FILE PHOTO: Bulgaria’s President Rumen Radev addresses the 74th session of the United Nations General Assembly at U.N. headquarters in New York City, New York, U.S., September 26, 2019. REUTERS/Carlo Allegri/File Photo
SOFIA (Reuters) – President Rumen Radev on Thursday blocked the appointment of Bulgaria’s next chief prosecutor whose selection as the sole candidate for the powerful post sparked street protests.
The chief prosecutor’s role is key to combating graft in Bulgaria, ranked as the most corrupt member state in the European Union by the watchdog Transparency International. He or she has wide powers to launch and halt investigations.

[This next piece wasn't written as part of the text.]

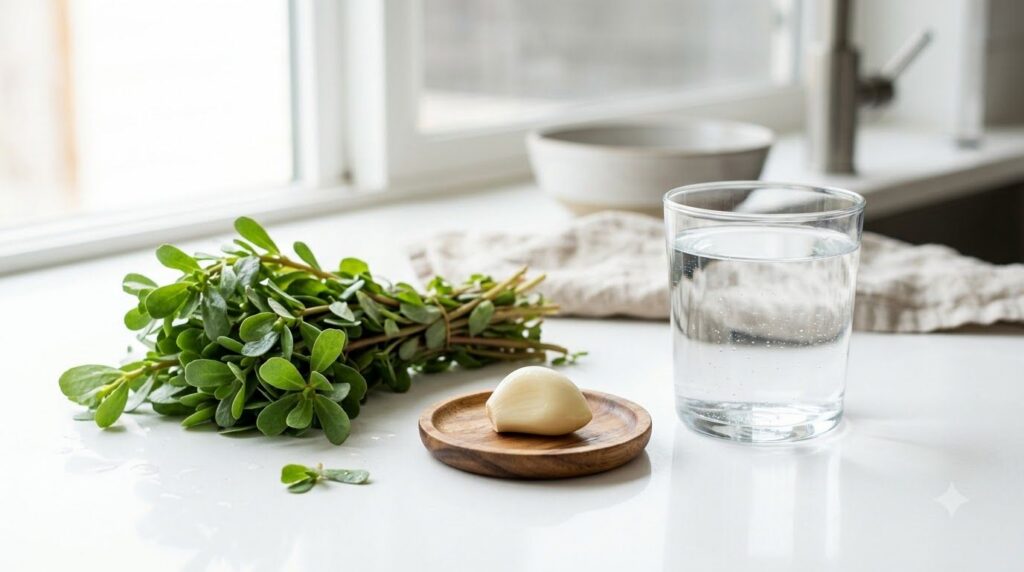 Ingredients for the purslane and garlic wellness shot laid out fresh purslane a peeled garlic clove and a glass of water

Radev said he would not sign the documents allowing Ivan Geshev to take up the seven-year mandate from Jan. 10 and that he would ask the top judicial body that selected him, the Supreme Judicial Council (SJC), to review its choice.
The SJC elected Geshev, currently a deputy chief prosecutor, by 20 votes to four last month. There were no other candidates for the job and the decision prompted a series of protests amid concerns over whether Geshev would wage a genuine war on high-level corruption.

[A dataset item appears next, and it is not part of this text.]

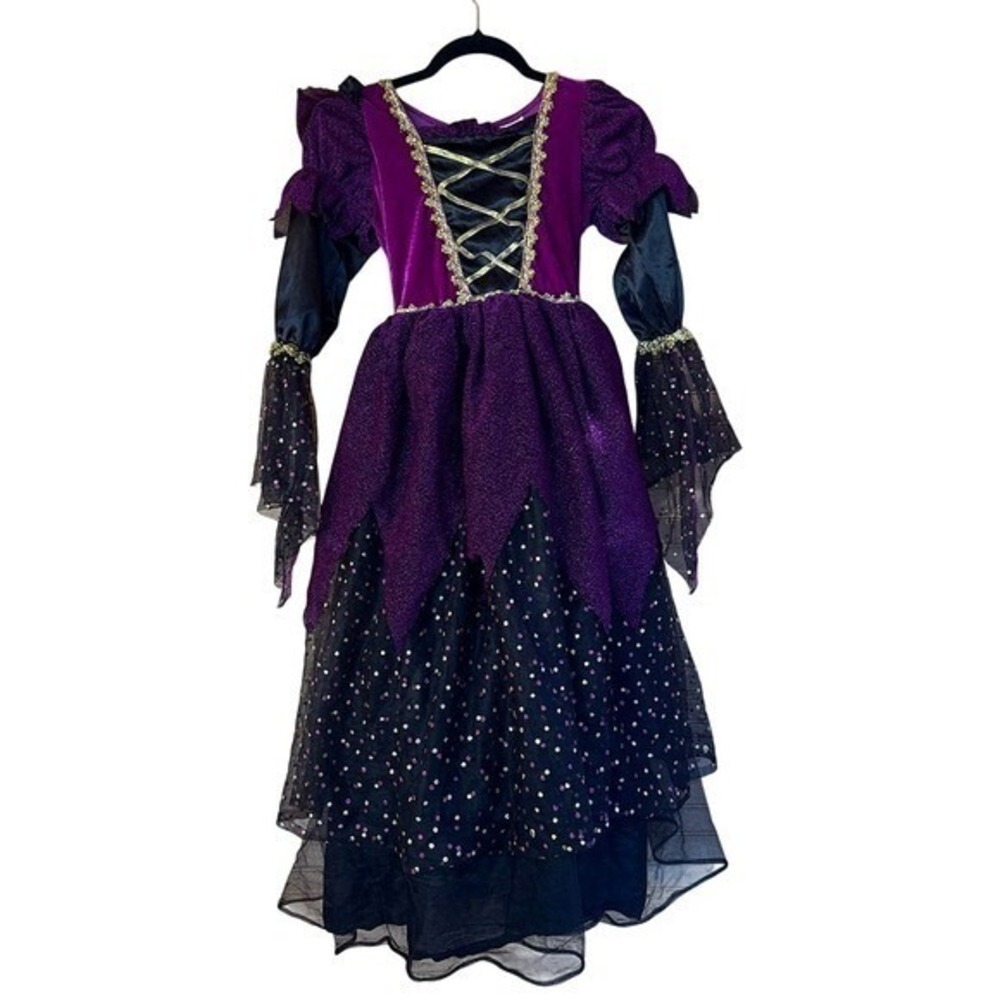 Costume Witch Dress Purple Black Gold Layered 10/12 Years Halloween Fancy Play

“Having only one candidate not only deprives (the procedure) of competitiveness but deprives the next chief prosecutor of prestige and legitimacy,” Radev said in a statement.
The president’s move is seen as largely symbolic as he can only block the appointment once. If the SJC again backs Geshev, as expected, Radev would have to rubber-stamp their decision.
Protesters had urged Radev to block Geshev’s nomination saying his election was the pre-determined outcome of a deal between graft-prone political elites and local oligarchs.
Several lawyers’ organizations had advised the president not to sign Geshev’s appointment. But, in a letter to the European Commission, prosecutors defended Geshev’s election as fair and transparent, and complained of political pressure on Radev to block the appointment.
Despite a declared political will to uproot graft, Sofia has yet to jail a single high-ranking official on corruption charges.